Why do we ignore co-efficients in Big O notation?

Question

While searching for answers relating to \"Big O\" notation, I have seen many SO answers such as this, this, or this, but still I have not clearly understood some points.

Answer 1

Big O notation is not an absolute measure of complexity.

Rather it is a designation of how complexity will change as the variable changes. In other words as N increases the complexity will increase Big O(f(N)).

To explain why terms are not included we look at how fast the terms increase.

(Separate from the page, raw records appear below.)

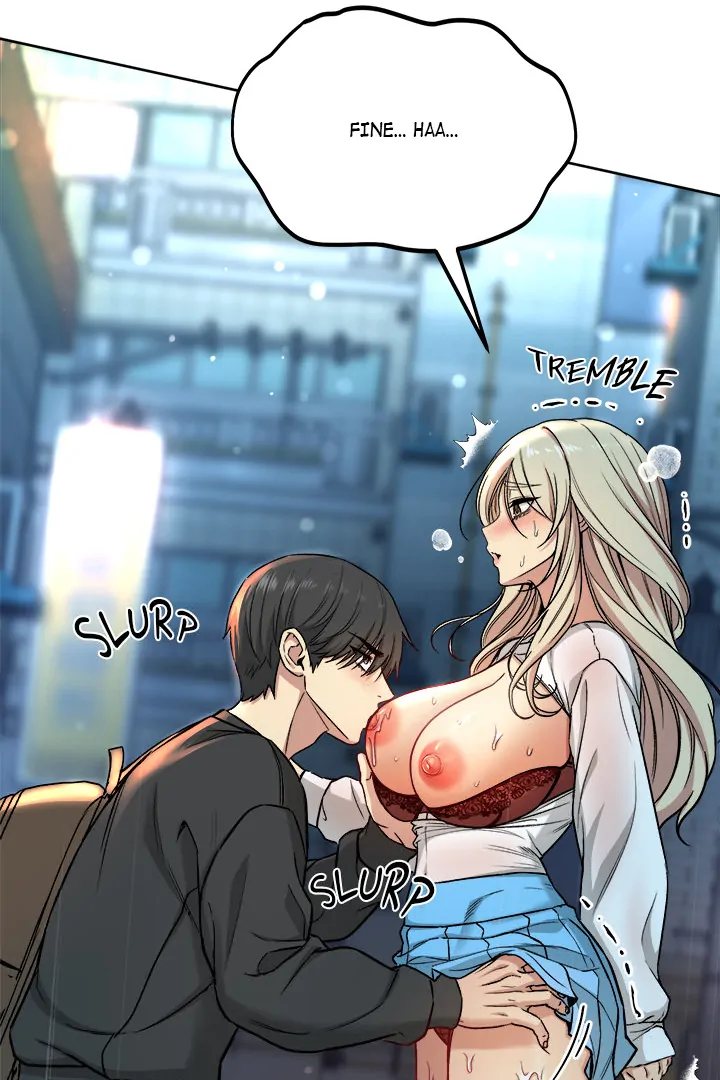 Anonymous 7 Chapter 2 - Page 107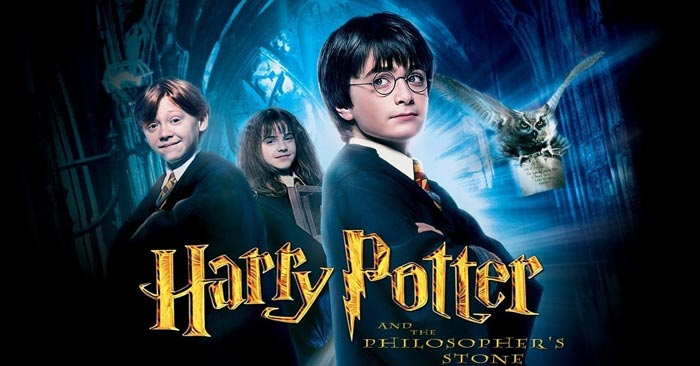 Harry Potter và Hòn đá Phù thủy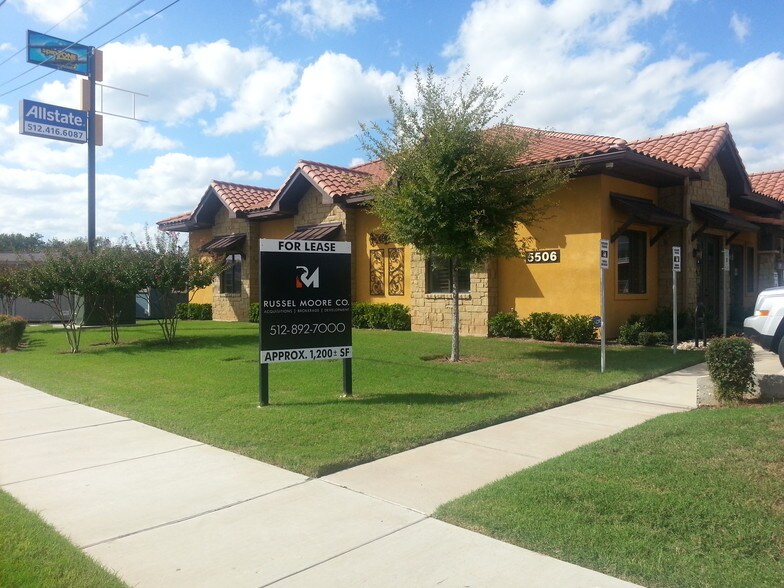 More Photos Of 5506 W Highway 290, Austin Office For Lease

So, Big O(2n+2) has two terms 2n and 2. Looking at the rate of increase Big O(2) this term will never increase it does not contribute to the rate of increase at all so it goes away. Also since 2n increases faster than 2, the 2 turns into noise as n gets very large.

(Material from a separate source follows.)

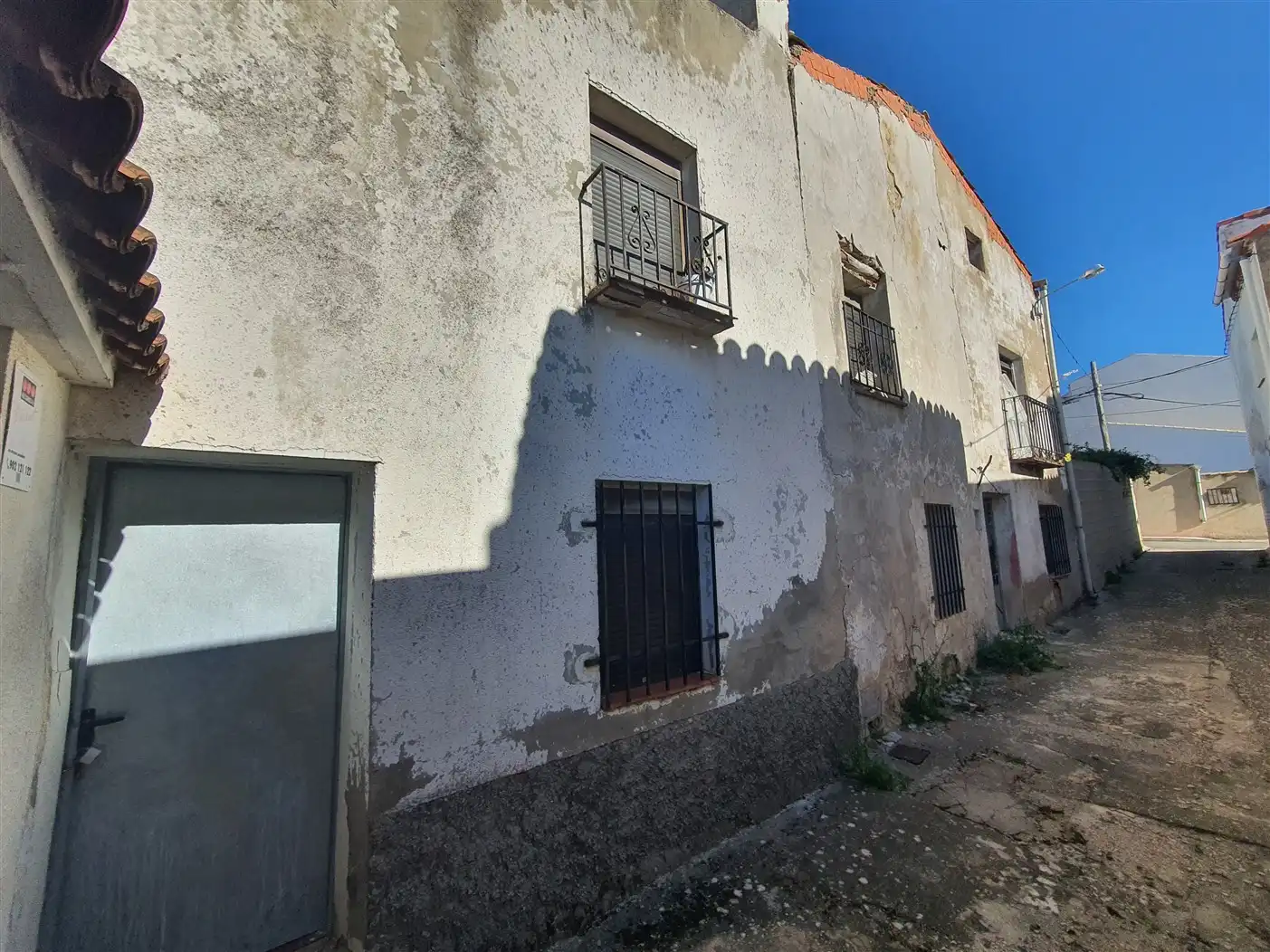 Houses for sale in Tinajas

Similarly Big O(2n^3 + 99n^2) compares Big O(2n^3) and Big O(99n^2). For small values, say n < 50, the 99n^2 will contribute a larger nominal percentage than 2n^3. However if n gets very large, say 1000000, then 99n^2 although nominally large it is insignificant (close to 1 millionth) compared to the size of 2n^3.

As a consequence Big O(n^i) < Big O(n^(i+1)).

Coefficients are removed because of the mathematical definition of Big O.

To simplify the definition says Big O(f(n)) = Big O(f(cn)) for a constant c. This needs to be taken on faith because the reason for this is purely mathematical, and as such the proof would be too complex and dry to explain in simple terms.